* **Information shown**
___

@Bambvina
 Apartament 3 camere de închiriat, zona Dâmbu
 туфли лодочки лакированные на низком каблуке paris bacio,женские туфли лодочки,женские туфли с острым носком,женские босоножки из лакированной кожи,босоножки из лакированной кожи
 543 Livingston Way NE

___

* **Required action**
Write out again exactly the lines that run from the one holding "туфли лодочки лакированные" through the last line of the data; omit all other lines.

* **Result for this task**
 туфли лодочки лакированные на низком каблуке paris bacio,женские туфли лодочки,женские туфли с острым носком,женские босоножки из лакированной кожи,босоножки из лакированной кожи
 543 Livingston Way NE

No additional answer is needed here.